**WHAT IS REQUIRED:** Your output should be the lines from the start of the data through the line containing "Man sitting on floor in city", exactly and nothing more.

Stored data
####################

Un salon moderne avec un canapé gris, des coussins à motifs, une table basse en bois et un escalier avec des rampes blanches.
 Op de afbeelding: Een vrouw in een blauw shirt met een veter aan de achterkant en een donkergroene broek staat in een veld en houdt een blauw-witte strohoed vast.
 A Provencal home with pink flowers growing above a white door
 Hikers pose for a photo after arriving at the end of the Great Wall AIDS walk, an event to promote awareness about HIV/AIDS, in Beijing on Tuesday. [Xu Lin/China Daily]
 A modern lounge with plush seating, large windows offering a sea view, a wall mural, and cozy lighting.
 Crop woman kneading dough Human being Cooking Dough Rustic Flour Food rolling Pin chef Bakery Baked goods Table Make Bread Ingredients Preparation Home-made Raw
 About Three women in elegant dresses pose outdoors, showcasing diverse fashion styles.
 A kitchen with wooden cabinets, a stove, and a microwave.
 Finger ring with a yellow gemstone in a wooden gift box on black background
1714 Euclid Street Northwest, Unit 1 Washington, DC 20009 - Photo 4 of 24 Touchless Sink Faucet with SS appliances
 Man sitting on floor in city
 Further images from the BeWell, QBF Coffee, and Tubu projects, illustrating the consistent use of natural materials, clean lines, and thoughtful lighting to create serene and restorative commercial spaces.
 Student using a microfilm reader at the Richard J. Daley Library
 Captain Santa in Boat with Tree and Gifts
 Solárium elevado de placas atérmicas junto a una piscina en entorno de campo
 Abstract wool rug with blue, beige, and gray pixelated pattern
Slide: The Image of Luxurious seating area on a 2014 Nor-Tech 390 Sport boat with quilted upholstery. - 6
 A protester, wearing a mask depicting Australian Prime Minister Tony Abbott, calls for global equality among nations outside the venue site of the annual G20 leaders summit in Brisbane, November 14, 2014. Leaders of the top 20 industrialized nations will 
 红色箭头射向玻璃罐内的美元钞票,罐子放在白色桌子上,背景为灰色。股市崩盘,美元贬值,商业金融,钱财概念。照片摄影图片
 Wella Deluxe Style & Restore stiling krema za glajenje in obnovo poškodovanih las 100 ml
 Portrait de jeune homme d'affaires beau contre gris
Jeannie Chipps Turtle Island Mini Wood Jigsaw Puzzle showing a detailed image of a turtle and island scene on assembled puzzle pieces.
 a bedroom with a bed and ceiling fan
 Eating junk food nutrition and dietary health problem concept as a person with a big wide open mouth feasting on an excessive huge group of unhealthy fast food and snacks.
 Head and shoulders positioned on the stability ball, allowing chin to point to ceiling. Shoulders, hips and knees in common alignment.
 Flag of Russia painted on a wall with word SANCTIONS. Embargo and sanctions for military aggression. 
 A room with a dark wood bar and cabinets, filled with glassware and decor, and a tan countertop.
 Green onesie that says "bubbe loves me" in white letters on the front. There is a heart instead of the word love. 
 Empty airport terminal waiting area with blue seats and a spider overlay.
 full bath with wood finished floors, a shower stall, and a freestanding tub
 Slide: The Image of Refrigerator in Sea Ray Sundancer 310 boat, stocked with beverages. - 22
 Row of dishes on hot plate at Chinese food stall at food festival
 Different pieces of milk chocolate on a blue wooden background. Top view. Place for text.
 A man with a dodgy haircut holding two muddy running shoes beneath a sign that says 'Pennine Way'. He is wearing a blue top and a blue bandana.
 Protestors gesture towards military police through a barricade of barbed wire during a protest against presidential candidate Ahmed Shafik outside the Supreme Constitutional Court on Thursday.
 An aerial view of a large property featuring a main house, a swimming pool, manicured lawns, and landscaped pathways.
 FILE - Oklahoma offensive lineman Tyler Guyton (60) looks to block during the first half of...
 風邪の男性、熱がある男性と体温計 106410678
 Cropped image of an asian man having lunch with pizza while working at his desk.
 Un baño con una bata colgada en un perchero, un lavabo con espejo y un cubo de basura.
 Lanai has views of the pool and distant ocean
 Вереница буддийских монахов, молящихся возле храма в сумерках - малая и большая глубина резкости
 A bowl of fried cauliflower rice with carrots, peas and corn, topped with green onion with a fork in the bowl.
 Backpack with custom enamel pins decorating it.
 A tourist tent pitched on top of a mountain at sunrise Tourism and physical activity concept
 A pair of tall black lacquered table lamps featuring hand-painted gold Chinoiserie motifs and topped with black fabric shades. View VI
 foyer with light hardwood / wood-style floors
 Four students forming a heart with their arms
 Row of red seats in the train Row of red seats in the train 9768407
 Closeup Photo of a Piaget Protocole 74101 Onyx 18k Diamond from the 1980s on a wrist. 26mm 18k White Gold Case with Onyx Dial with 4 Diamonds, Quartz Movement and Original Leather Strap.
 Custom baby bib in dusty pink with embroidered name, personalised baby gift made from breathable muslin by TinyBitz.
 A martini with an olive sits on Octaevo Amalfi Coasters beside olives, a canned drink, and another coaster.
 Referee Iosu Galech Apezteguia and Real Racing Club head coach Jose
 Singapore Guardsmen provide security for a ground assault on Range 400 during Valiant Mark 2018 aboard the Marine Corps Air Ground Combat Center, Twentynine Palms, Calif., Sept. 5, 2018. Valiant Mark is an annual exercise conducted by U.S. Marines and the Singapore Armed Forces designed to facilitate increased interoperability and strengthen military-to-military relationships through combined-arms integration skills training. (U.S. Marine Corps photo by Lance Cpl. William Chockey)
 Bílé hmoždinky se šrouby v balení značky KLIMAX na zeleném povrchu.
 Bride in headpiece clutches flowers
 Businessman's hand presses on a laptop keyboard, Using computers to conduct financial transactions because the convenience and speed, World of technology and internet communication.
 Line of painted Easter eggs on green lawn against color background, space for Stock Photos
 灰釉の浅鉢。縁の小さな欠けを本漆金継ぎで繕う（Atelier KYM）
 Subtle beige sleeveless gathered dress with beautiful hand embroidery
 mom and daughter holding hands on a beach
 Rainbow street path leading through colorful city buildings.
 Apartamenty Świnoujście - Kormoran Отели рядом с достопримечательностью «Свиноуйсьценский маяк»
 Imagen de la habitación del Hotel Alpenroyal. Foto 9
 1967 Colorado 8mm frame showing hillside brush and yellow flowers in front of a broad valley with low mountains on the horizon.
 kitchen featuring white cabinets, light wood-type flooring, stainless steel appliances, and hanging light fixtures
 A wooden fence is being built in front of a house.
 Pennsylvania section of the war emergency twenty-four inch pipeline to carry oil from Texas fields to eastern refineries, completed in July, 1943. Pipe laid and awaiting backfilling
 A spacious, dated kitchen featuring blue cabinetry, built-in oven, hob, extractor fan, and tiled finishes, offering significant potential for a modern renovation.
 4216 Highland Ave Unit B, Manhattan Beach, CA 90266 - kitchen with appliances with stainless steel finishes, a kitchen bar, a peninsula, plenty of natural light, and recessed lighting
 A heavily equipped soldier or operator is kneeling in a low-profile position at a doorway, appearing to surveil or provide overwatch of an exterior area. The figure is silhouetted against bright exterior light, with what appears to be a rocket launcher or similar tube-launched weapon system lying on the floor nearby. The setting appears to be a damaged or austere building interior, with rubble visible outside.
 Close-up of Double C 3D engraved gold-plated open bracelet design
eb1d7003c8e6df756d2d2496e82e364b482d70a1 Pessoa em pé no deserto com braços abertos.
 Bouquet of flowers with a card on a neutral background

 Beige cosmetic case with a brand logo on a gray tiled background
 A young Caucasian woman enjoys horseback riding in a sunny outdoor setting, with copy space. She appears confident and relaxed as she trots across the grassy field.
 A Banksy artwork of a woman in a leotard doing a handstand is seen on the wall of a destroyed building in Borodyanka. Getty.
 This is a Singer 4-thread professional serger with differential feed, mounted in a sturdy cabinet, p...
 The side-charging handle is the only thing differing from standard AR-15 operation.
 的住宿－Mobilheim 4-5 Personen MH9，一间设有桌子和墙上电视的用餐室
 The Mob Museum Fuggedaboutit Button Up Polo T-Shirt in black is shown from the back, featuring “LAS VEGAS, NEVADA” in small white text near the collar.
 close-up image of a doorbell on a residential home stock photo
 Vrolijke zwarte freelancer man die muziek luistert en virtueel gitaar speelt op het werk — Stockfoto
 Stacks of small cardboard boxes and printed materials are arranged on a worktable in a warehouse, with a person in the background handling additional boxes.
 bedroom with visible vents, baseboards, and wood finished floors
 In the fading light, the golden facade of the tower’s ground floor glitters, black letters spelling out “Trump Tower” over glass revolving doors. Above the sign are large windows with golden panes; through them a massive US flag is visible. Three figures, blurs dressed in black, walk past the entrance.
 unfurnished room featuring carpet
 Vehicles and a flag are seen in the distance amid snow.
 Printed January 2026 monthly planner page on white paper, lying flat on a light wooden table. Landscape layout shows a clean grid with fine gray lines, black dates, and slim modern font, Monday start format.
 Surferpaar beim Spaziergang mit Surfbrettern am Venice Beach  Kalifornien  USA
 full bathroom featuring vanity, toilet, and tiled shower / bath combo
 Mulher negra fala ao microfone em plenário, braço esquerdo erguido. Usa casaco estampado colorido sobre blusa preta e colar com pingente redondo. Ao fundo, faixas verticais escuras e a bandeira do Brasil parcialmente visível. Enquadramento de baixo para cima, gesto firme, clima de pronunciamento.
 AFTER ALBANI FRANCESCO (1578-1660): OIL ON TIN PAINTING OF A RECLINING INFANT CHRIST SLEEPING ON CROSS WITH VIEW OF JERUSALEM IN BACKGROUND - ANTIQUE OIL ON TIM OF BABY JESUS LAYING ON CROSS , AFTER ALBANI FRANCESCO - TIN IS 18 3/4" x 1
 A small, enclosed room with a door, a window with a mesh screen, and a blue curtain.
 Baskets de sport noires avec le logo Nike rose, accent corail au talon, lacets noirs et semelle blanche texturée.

####################

**RESPONSE:**
Un salon moderne avec un canapé gris, des coussins à motifs, une table basse en bois et un escalier avec des rampes blanches.
 Op de afbeelding: Een vrouw in een blauw shirt met een veter aan de achterkant en een donkergroene broek staat in een veld en houdt een blauw-witte strohoed vast.
 A Provencal home with pink flowers growing above a white door
 Hikers pose for a photo after arriving at the end of the Great Wall AIDS walk, an event to promote awareness about HIV/AIDS, in Beijing on Tuesday. [Xu Lin/China Daily]
 A modern lounge with plush seating, large windows offering a sea view, a wall mural, and cozy lighting.
 Crop woman kneading dough Human being Cooking Dough Rustic Flour Food rolling Pin chef Bakery Baked goods Table Make Bread Ingredients Preparation Home-made Raw
 About Three women in elegant dresses pose outdoors, showcasing diverse fashion styles.
 A kitchen with wooden cabinets, a stove, and a microwave.
 Finger ring with a yellow gemstone in a wooden gift box on black background
1714 Euclid Street Northwest, Unit 1 Washington, DC 20009 - Photo 4 of 24 Touchless Sink Faucet with SS appliances
 Man sitting on floor in city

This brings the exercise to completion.